Really what we need is is learn.destroy
so that it’ll be like learn.purge
, but will not re-load anything and turn learn
into an empty shell. and so we won’t need to gc.collect()
, as it won’t be taking up any memory.
- What about
load_learner()
? You need to run learn.purge()
before or it is run by default?
As you can see load_learner()
returns a new one and doesn’t use the old one, so it’s really about your q8 above. i.e. how do we efficiently and concisely destroy the old learn object - since assigning to it will not do the right thing (the old object will still linger untill gc.collect()
arrives)
- I read the custom solutions about CUDA memory. Is the following equivalent to
learn.purge()
before running learn.fit_one_cycle()
?
class gpu_mem_restore_ctx():
" context manager to reclaim GPU RAM if CUDA out of memory happened, or execution was interrupted"

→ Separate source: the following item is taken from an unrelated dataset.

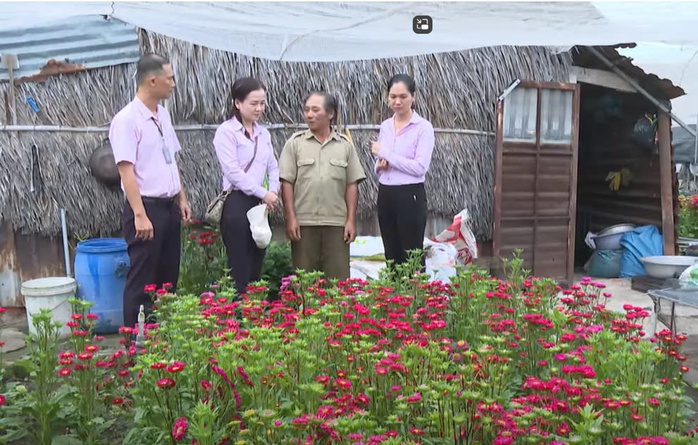 Ngân hàng Chính sách Xã hội TP HCM góp phần hỗ trợ thoát nghèo, cải thiện thu nhập người dân- Ảnh 1. Chính sách Xã hội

def __enter__(self): return self
def __exit__(self, exc_type, exc_val, exc_tb):
if not exc_val: return True
traceback.clear_frames(exc_tb)
raise exc_type(exc_val).with_traceback(exc_tb) from None
So now you can do:
with gpu_mem_restore_ctx():
learn.fit_one_cycle(1, 1e-2)
no, this just clears the exception object and allows for the temporary variables to be freed up. But it’s possible that there are still some nuances to work out there wrt to memory reclamation - more experimentation is needed.
If you encounter some situations where this is not doing what you think it should let us know. But also remember not to use nvidia-smi as a monitor - since it will not always show you the real situation - it has to do with pytoch caching - sometimes the allocator decides to free a huge chunk of memory from its cache, sometimes it holds it, as therefore nvidia-smi
output is a not a good tool in this situation - so either call torch.cuda.empty_cache or use ipyexperiments when you experiment.
- Why do you
freeze
before export
as written in the following code? It is a best practice or even an obligation after training an unfreeze model?
# end of training
learn.fit_one_cycle(epochs)
learn.freeze()
learn.export()
because I don’t know what you plan on doing with the learn object next, so that was just an example of a typical end of training with a given setup, perhaps next you will not do inference… but I’m open to suggestions to make it less confusing - perhaps just a note that this is just an example.
I’m also seeing some problems with learn.purge
, so it might take a bit of time for everything we have discussed so far to be so. I will go write some tests to make sure that eventually it’ll be so.